Ein schwuler Außenminister oder eine lesbische Bürgermeisterin wären vor 50 Jahren kaum denkbar gewesen. Ein homosexueller Held einer Blockbuster-Produktion ebenso wenig. Viele Jahrzehnte waren Schwule und Lesben im Kino kaum sichtbar. Und wenn, konnten sie sich über die Art und Weise der Darstellung kaum freuen, reduzierte sich ihr Bild auf der Leinwand doch auf tragische Gestalten, mordende Psychopathen und unmoralische Triebwesen. Für eine vorurteilsfreiere Darstellung der Lebenswirklichkeit mussten lange Zeit lesbische und schwule Filmschaffende überwiegend selbst sorgen.

Ein Sinnbild für Toleranz und gegenseitigen Respekt, auch gegenüber sexuellen Minderheiten: David Katos Regenbogenfahne aus "Call Me Kuchu" (© Katherine Fairfax Wright)
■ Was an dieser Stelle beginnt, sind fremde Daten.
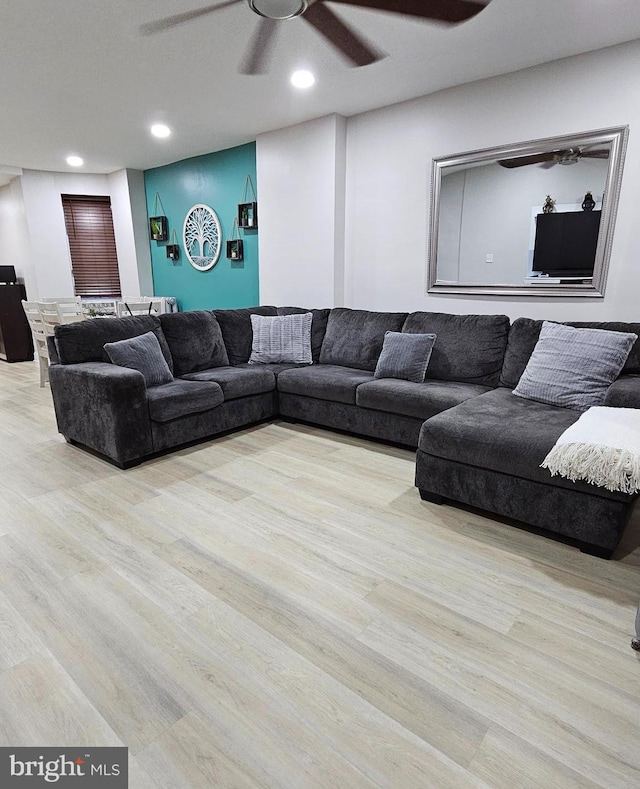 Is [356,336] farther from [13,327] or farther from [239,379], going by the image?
[13,327]

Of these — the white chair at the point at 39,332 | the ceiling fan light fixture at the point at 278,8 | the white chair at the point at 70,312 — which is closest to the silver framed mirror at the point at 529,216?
the ceiling fan light fixture at the point at 278,8

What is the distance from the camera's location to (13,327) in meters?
6.53

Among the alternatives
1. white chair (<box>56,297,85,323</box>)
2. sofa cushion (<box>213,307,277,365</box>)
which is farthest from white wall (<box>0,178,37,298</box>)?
sofa cushion (<box>213,307,277,365</box>)

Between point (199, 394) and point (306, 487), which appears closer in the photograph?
point (306, 487)

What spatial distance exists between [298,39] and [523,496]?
9.41 ft

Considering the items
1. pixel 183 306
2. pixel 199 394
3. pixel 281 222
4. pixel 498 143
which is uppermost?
pixel 498 143

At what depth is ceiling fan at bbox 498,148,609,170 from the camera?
3.03m

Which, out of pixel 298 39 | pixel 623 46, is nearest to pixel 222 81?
pixel 298 39

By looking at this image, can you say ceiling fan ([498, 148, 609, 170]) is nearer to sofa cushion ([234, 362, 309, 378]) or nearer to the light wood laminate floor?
sofa cushion ([234, 362, 309, 378])

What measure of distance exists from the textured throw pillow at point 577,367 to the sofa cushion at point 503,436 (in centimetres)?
10

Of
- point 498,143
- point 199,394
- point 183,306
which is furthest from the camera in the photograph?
point 183,306

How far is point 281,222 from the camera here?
4.71 meters

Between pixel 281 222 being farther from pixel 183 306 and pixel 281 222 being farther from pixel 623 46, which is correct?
pixel 623 46

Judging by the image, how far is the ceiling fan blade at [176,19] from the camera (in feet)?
7.86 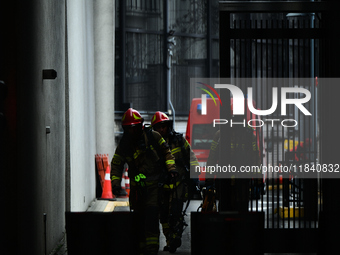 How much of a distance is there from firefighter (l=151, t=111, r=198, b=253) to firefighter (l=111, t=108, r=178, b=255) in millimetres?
491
Nach heutigem Ermessen ist es eine völlig harmlose Szene. Doch die auf einem schwulen Faschingsball Walzer tanzenden Männer lösten bei der Uraufführung im Mai 1919 einen wahren Tumult aus. Einige der anwesenden Damen in dem Berliner Kinosaal schrien vor Entsetzen laut auf.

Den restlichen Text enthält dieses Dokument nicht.